I was wondering how I could prove the following property of 2 antisymmetric tensors [tex]F_{1\mu \nu}[/tex] and [tex]F_{2\mu \nu}[/tex] or at least show that it is correct.

Homework Equations


[tex]\frac{1}{2}\epsilon^{\mu \nu \rho \sigma} F_{1\rho \sigma}F_{2\nu \lambda} + \frac{1}{2}\epsilon^{\mu \nu \rho \sigma} F_{2\rho \sigma}F_{1\nu \lambda} = - \frac{1}{4} \delta^{\mu}_{\lambda} \epsilon^{\rho \sigma \alpha \beta} F_{1 \alpha \beta}F_{2\rho \sigma}[/tex]


The Attempt at a Solution


If \mu = \lambda, the left side gives [tex]- \epsilon^{\rho \sigma \alpha \beta} F_{1 \alpha \beta}F_{2\rho \sigma}[/tex] and the right side also ( summing over \mu )

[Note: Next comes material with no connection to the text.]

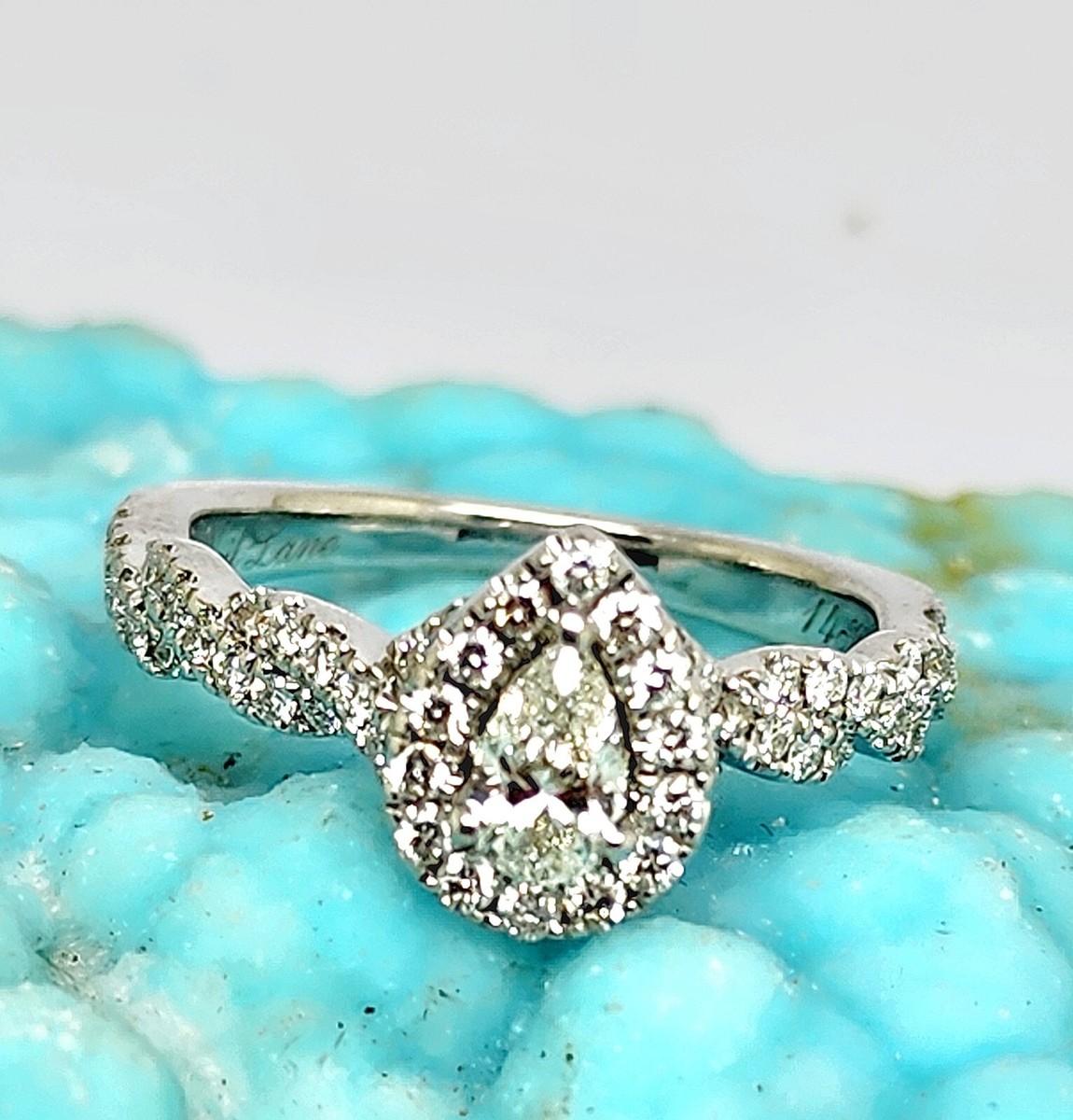 $2500 NEIL LANE 14K GOLD DOUBLE HALO 3/4 CT DIAMOND ENGAGEMENT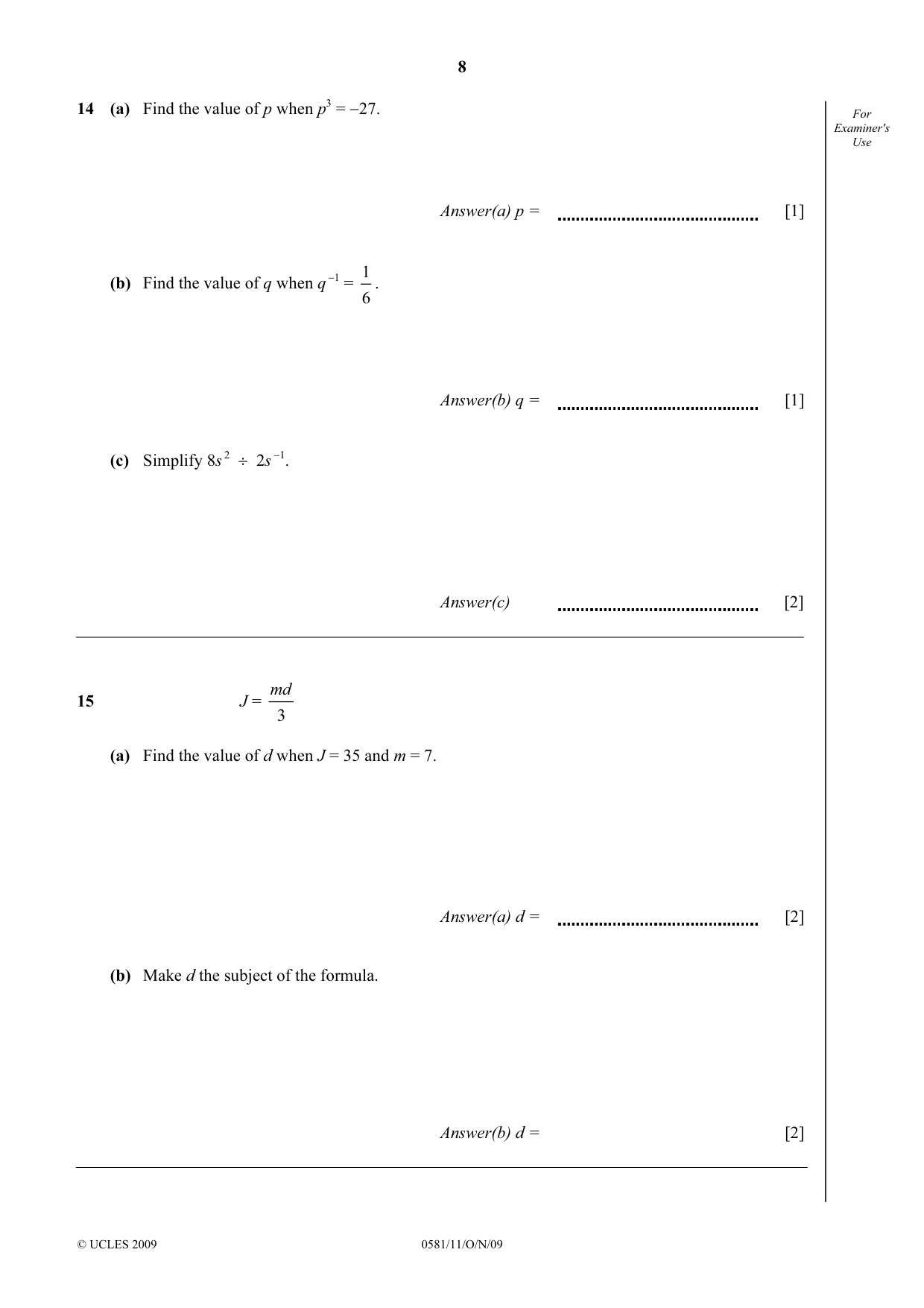 Cambridge IGCSE Mathematics (with coursework) 0581 2009 Oct/Nov Paper 1 · Variant 1 question paper, page 8 of 12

But how can I see that if \mu is different from \lambda, that this relation is true? The right hand side is zero, but how can I proof that the left side is also zero? I have no idea..
 
Last edited:

Answers and Replies

  • #2
hunt_mat
Homework Helper
1,739
18
The indices are incorrectly balanced, there is a [tex]/nu[/tex] on the LHS but none on the RHS
 
  • #3
The indices are incorrectly balanced, there is a [tex]/nu[/tex] on the LHS but none on the RHS
The \nu is contracted, only \mu and \lambda are free indices.
 
  • #4
Solved.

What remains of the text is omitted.